"Encyclopédies" - revue Le Journal de la Grande Loge de France
Le travail de Dominique Ehrhard se trouve à l'intersection du figuratif de l'abstrait. De l'un, le peintre utilise la visibilité immédiate pour dire les choses essentielles comme le corps, le visage, la lettre d'imprimerie ou l'architecture. De l'autre, il emploie ligne et couleur amenant le sens à se dire si le spectateur veut bien entreprendre une lecture personnelle.
Ses toiles sont comme des planches encyclopédiques, elles semblent donner l'impression de sens mais n'ont pas d'histoire. Impossible de trouver la moindre narrativité ou la moindre linéarité. Chaque élément composant les signes de la toile a son importance. Une lecture approfondie montre que le corps, constante unique dans toutes les œuvres, n'est jamais dans une position stable; il est suspendu entre deux instants. Instants jamais finis, jamais commencés.

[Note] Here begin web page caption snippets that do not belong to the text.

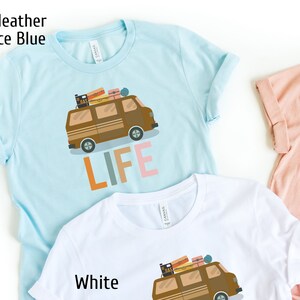 May include: Light blue t-shirt with a brown camper van graphic and the word "LIFE" in orange, gray, and pink. The van has luggage on top. The shirt is made of a soft material.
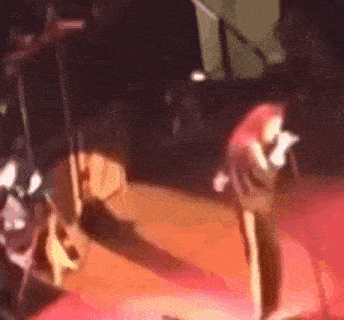 a woman with red hair is singing into a microphone on a stage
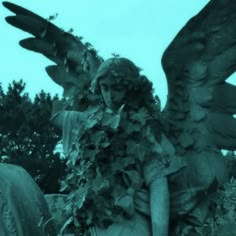 an angel statue surrounded by ivy in a cemetery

La lettre typographique, seule ou assemblée en phrase, semble vouloir "nous dire", mais elle n'est située sur la surface que pour initier un nouveau parcours. Où est le vrai? Où est le sens? Cela n'a pas d'importance, ce qui compte c'est de voir la lettre. Le dessin d'architecture veut nous faire croire qu'il existe un lieu pour une histoire. Mais un autre élément perturbe ce que nous commencions à prendre pour un récit.

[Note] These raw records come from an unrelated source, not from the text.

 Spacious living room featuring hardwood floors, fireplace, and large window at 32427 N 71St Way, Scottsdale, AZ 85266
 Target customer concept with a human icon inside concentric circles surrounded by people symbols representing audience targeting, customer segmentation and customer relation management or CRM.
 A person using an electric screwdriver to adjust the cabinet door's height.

Bien d'autres signes sont là, plus pour briser ce que notre regard semble voir que signifier un ensemble cohérent. Tous ces espaces au sein de la toile ne sont pas, non plus, distribués pour former un labyrinthe. Celui-ci existe uniquement dans l'imagination du spectateur.

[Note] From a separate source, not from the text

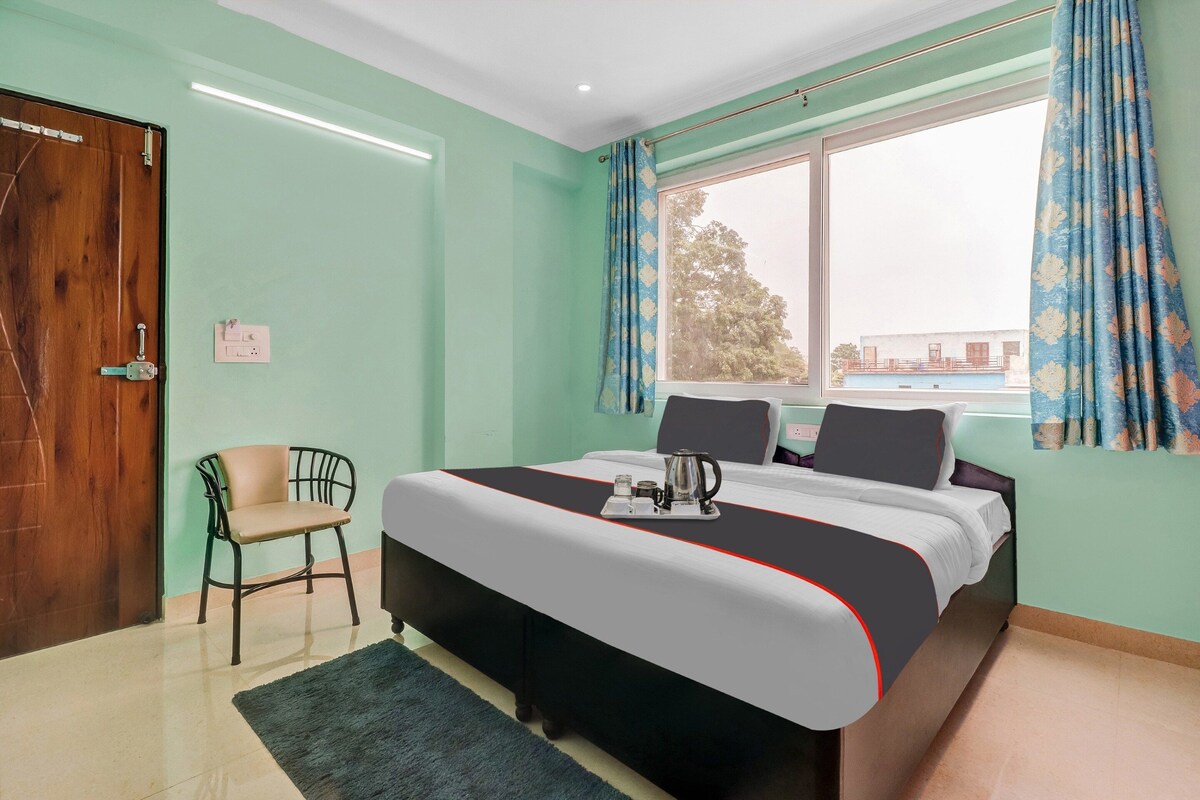 A hotel room with a bed, a chair, a window with curtains, and a view of the outside.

En refusant de donner la moindre formalisation et la moindre signification à ses toiles, l'artiste ouvre le champ à l'altérité qui n'a aucun lien avec une essence supérieure ou divine. Dominique Ehrhard se présente comme matérialiste qui aspire à ordonner un monde où il y a chaos.
Le spectateur quittant la toile, se trouve dans la situation du voyageur: il prend mouvement. Il va ailleurs, certes, mais pas avec le même sentiment de sa propre corporéité; il a tout simplement changé. L'art a fait son œuvre.